▶ _Work request_
Please print nothing but the lines from the one containing "MEROKEETY Women’s Wedding" to the final line below, exactly, and no pictures.

*** Opening Given data ***

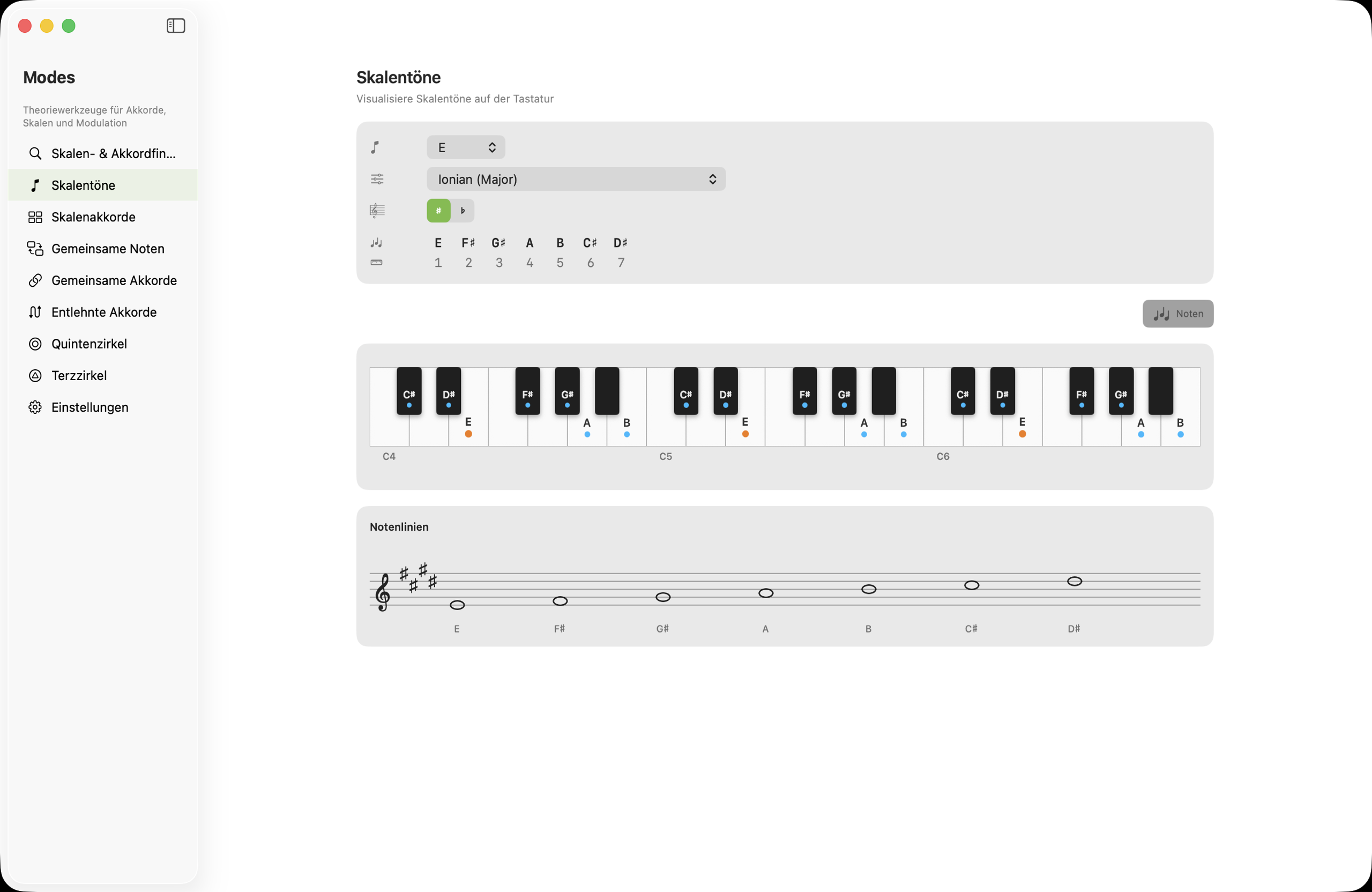 Töne-in-der-Tonart-Bildschirm auf macOS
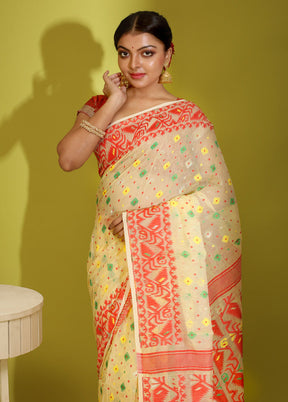 Cream Tant Cotton Saree Without Blouse Piece - Indian Silk House Agencies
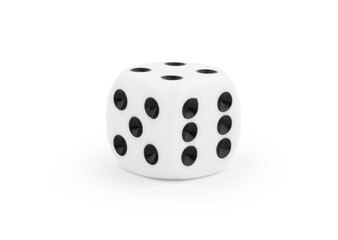 Rotating dice in white on white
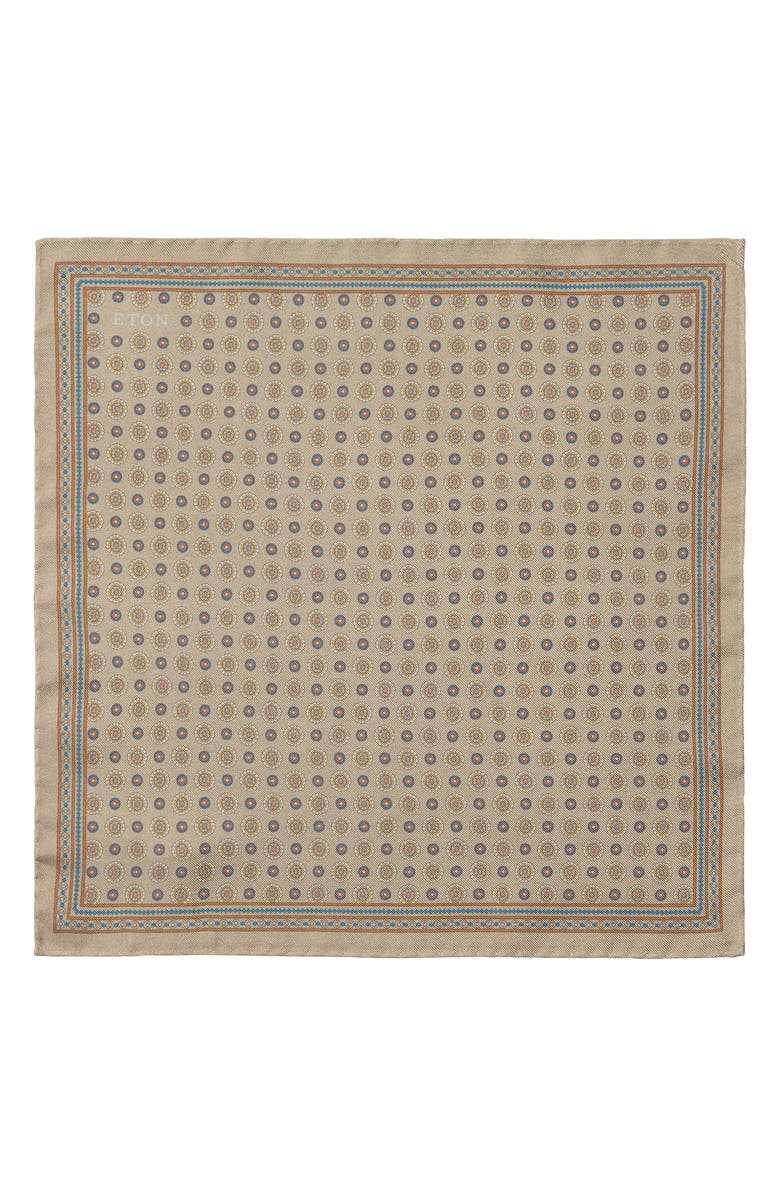 Eton Medallion Print Silk Twill Pocket Square, Alternate, color, Light Beige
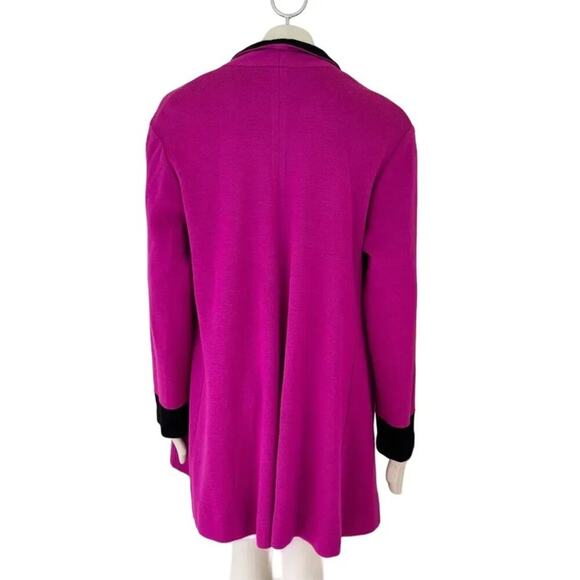 VTG OUTLANDER Artsy Long Line Open Cardigan  Sweater Coat  Fuchsia Pink  SZ M - Picture 6 of 9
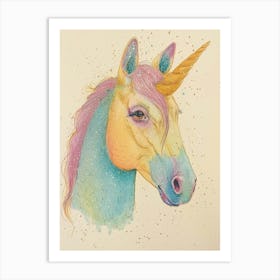 Pastel Storybook Style Unicorn 9 Art Print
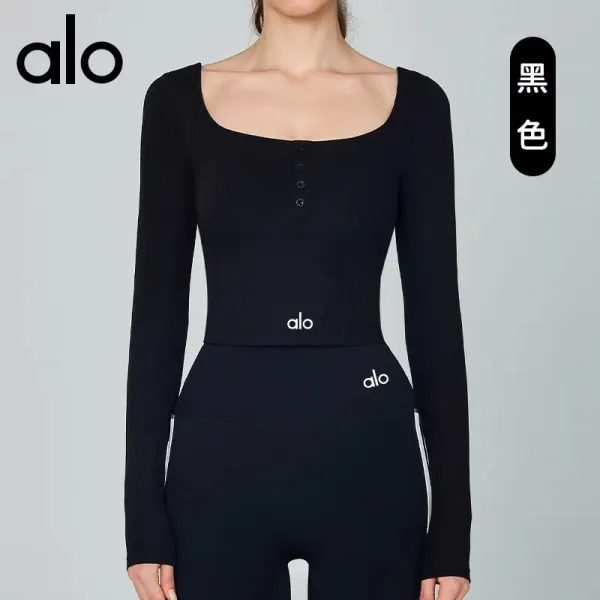 Alo Square Neck Ribbed Long Sleeve Crop Top Cloud Pink Activewear - 10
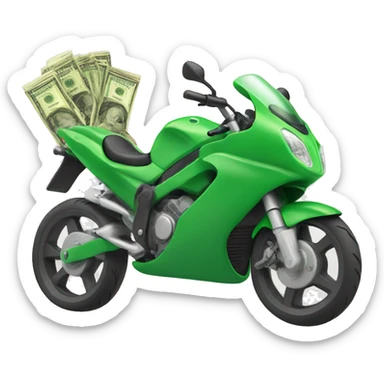 Green motorbike with horse riding it, with flying money sticker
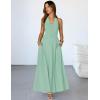 MEROKEETY Women’s Wedding Guest Formal Dress Summer Halter Backless Sleeveless V Neck Ruched Cocktail Maxi Dresses(Sage)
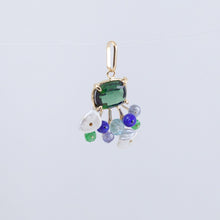 Load image into Gallery viewer, Fairy green tourmaline and mixed stone pendant
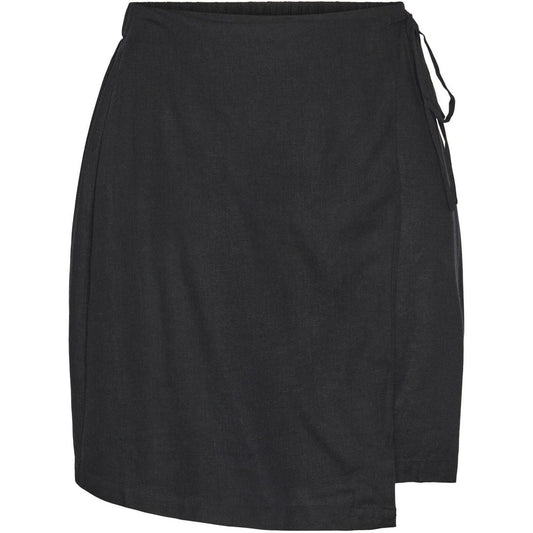 Gonne casual Donna Pieces - Pcpia Linen Mix Mw Wrap Skirt Wvn Noos - Nero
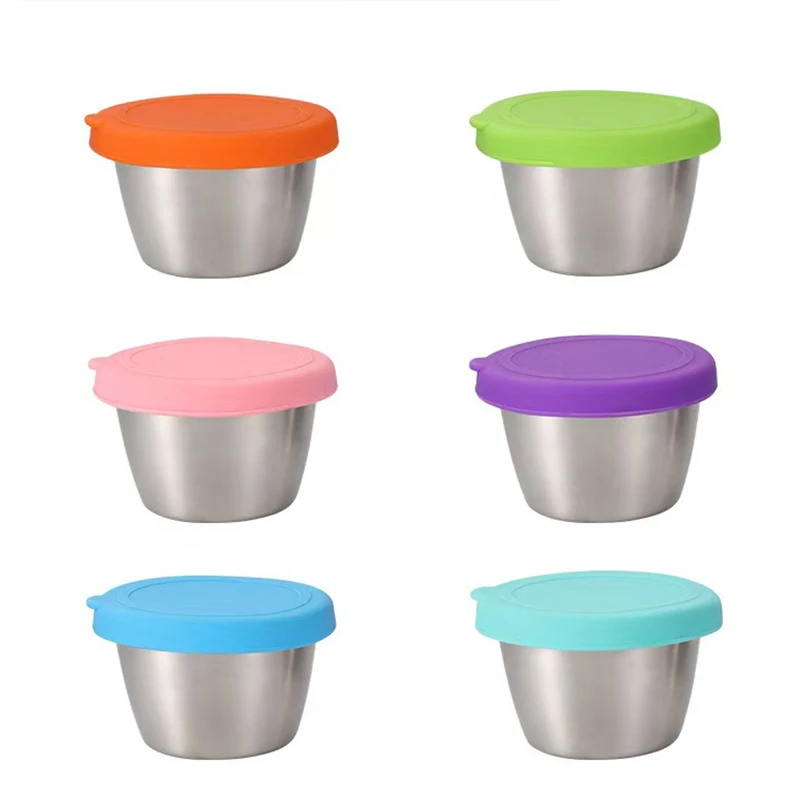 Leakproof Reusable 70ml 304 Stainless Steel Food Grade Sauce Cup with Silicone Lid Korean Seasoning Dipping Dishes
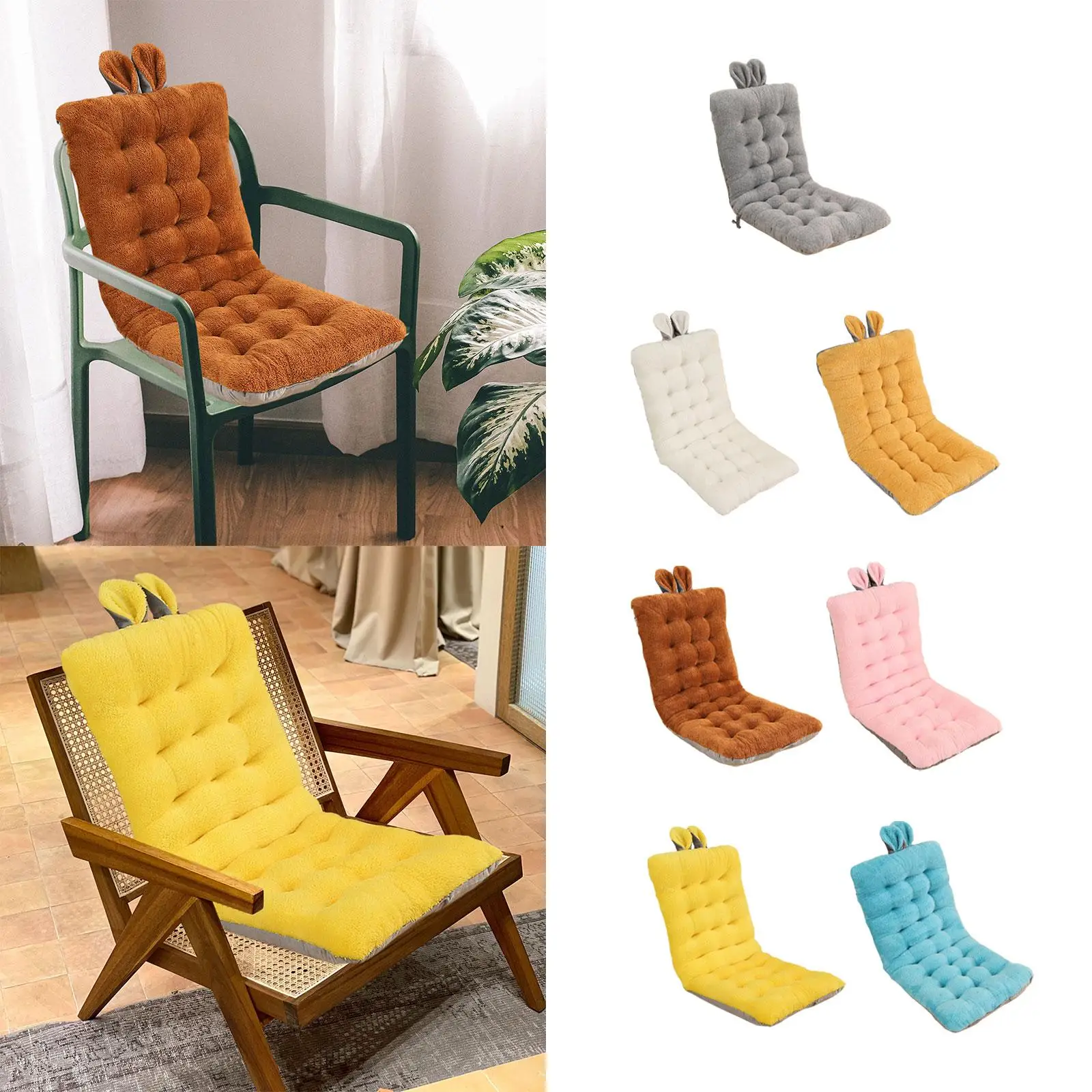 Office Chair Cushion, Desk Chair Pad, Plush Seat Cushion, Cute Back Cushion with Ties, for Car, Living Room, Apartment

*** Closing Given data ***

▶ _Exercise response_
 MEROKEETY Women’s Wedding Guest Formal Dress Summer Halter Backless Sleeveless V Neck Ruched Cocktail Maxi Dresses(Sage)
 Load image into Gallery viewer, Fairy green tourmaline and mixed stone pendant
 Gonne casual Donna Pieces - Pcpia Linen Mix Mw Wrap Skirt Wvn Noos - Nero
 Leakproof Reusable 70ml 304 Stainless Steel Food Grade Sauce Cup with Silicone Lid Korean Seasoning Dipping Dishes
 Office Chair Cushion, Desk Chair Pad, Plush Seat Cushion, Cute Back Cushion with Ties, for Car, Living Room, Apartment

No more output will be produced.